Le taxi arrive et comme toujours en Israël chacun a une histoire personnelle bien à lui, à raconter. La salle où se tiendra le mariage est assez éloignée, dérékh Menahem Beguin, donc on discute. Comme toujours, il est étonné par la richesse de mon hébreu mais devine bien, à mon accent, que je suis français. Lui est né ici à Tel Aviv de parents égyptiens qui quittèrent les rives du Nil en 1946, deux ans avant la renaissance de l’Etat d’Israël. Le français était leur langue maternelle. Il me demande ce que je fais et je lui réponds. Alors il me prie de lui expliquer les raisons du schisme entre la chrétienté d’orient et celle d’occident. Je lui explique mais lui demande aussi de m’expliquer pourquoi tout est plus compliqué en Israël qu’ailleurs.

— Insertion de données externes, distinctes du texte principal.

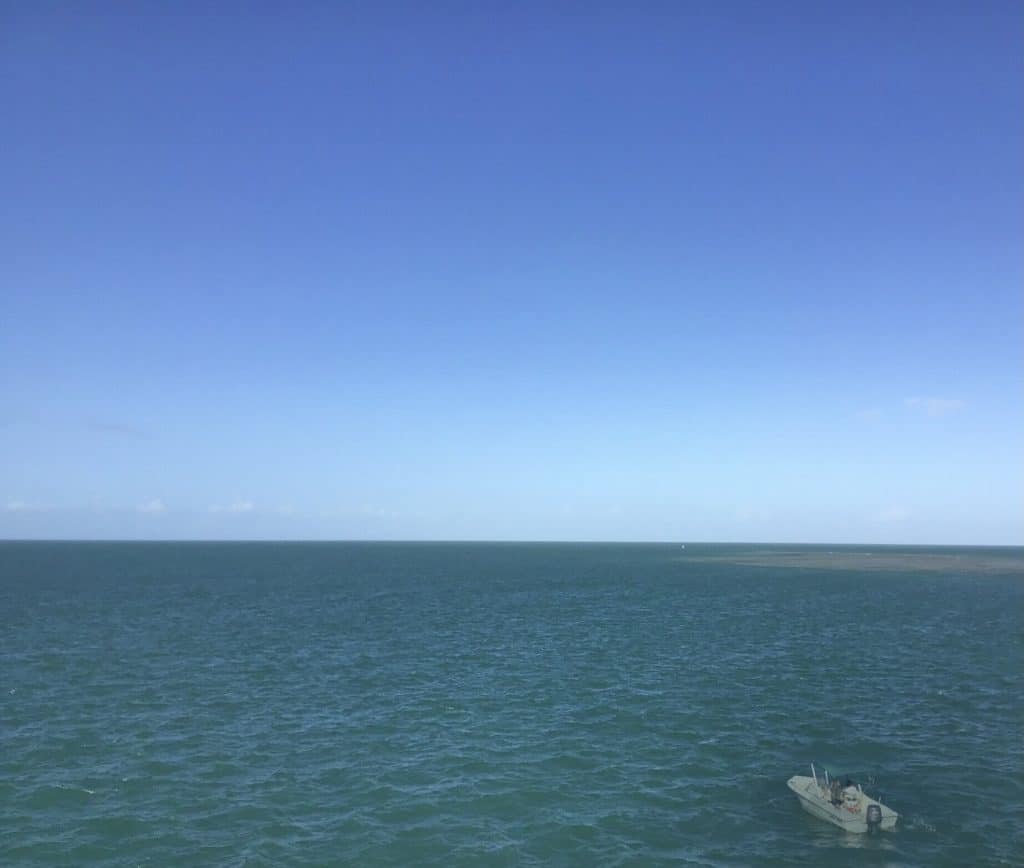 Blue-green ocean with a boat.
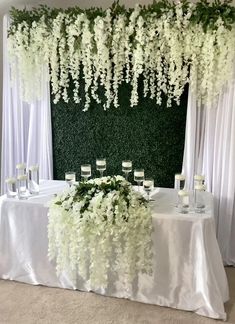 the table is set up with white flowers and wine glasses for an elegant wedding reception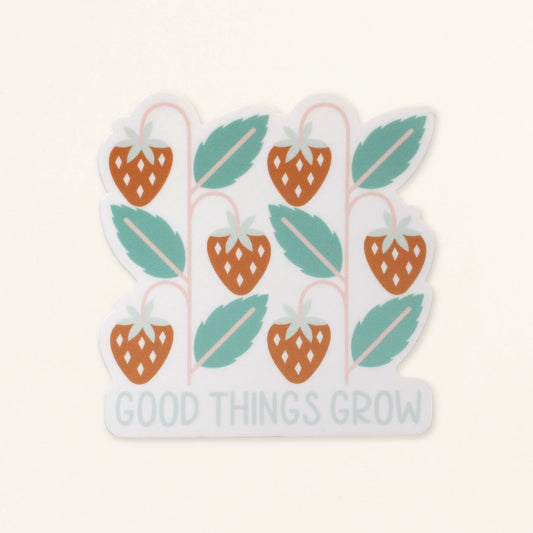 strawberry vinyl sticker in red and green with the words good things grow in light blue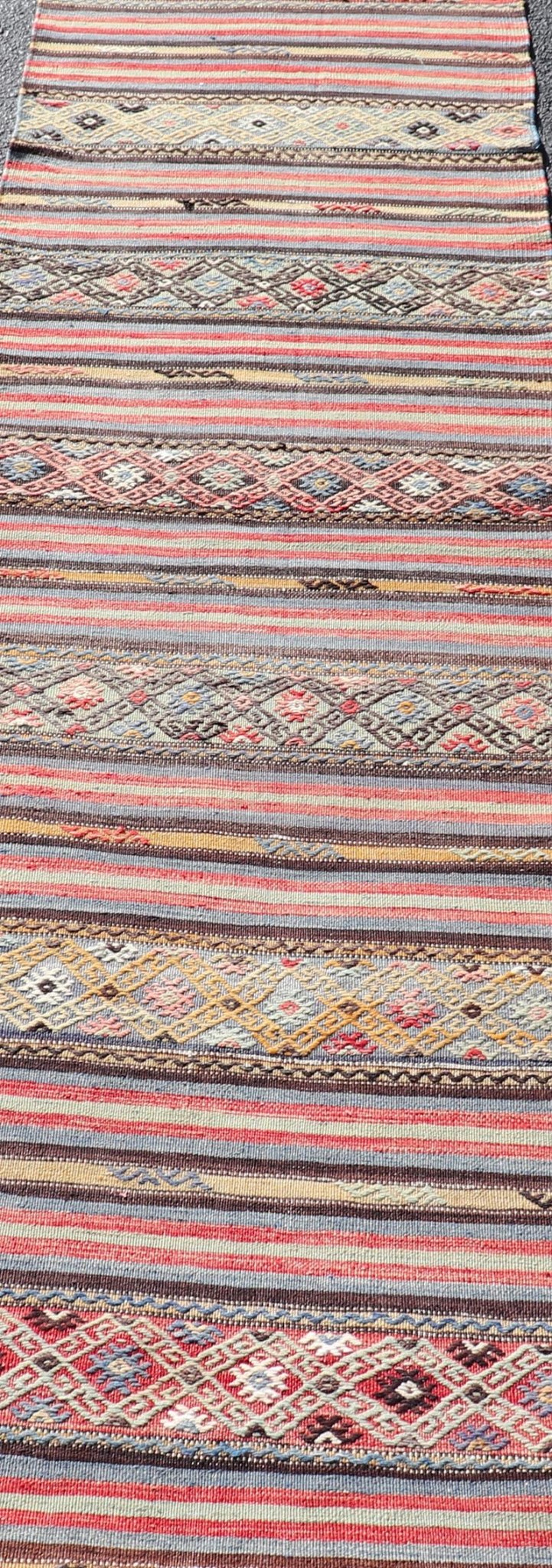 Turkish Vintage Kilim with Horizontal Stripes and Tribal Motifs Measures: 2'5 x 9'4 Turkish Vintage Kilim with Horizontal Stripes and Tribal Motifs. Keivan Woven Arts / rug TU - NED - 5046, country of origin / type: Turkey / Kilim, circa Mid - 20th C... - Keivan Woven ArtsTU - NED - 5046 - 22363Rug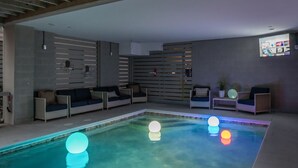Un'area piscina interna moderna, con posti a sedere e uno schermo di proiezione.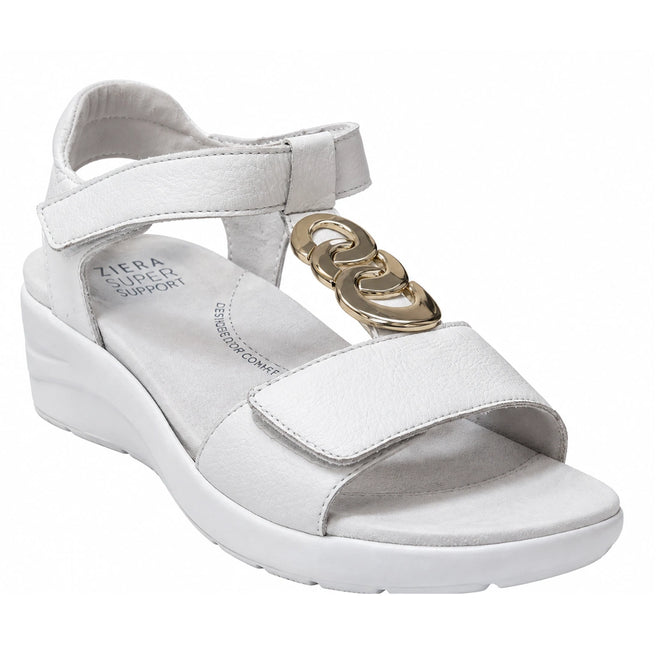 Introducing the Ziera Nextime White Womens Leather Sandal XW Closed Back: a stylish white sandal featuring a supportive wedge heel, adjustable straps, and a chic gold decorative chain on the upper strap. Designed for both comfort and style, it boasts a Ziera Super Support cushioned insole for all-day comfort, offers orthotic compatibility, and features a wide fit to ensure optimal support with every step.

Son verdict est catégorique : je suis né ici, j’ai grandi ici, il n y a ni culture ni politesse (sic).. Charmant.

Entre temps nous arrivons sur les lieux du mariage : je passe les contrôles effectués par un jeune russe, très impressionné par ma décoration ; c’est à peine s’il me demande ce que je viens faire ici. Je lui demande en hébreu où se passe le mariage ; il s’incline respectueusement et me répond bien. Nous trouvons grâce à lui.

Vous avez une idée de comment se déroule un mariage en Israël. Il ne sert à rien d’arriver à l’heure : le rabbin est en retard, la mariée est attendue ou se fait attendre, les beaux parents cherchent leur voie, etc.. Mais comme toute la famille est là, on ne s’ennuie guère et j’embrasse plus d’une douzaine de cousins et de cousines, plus vues depuis très longtemps.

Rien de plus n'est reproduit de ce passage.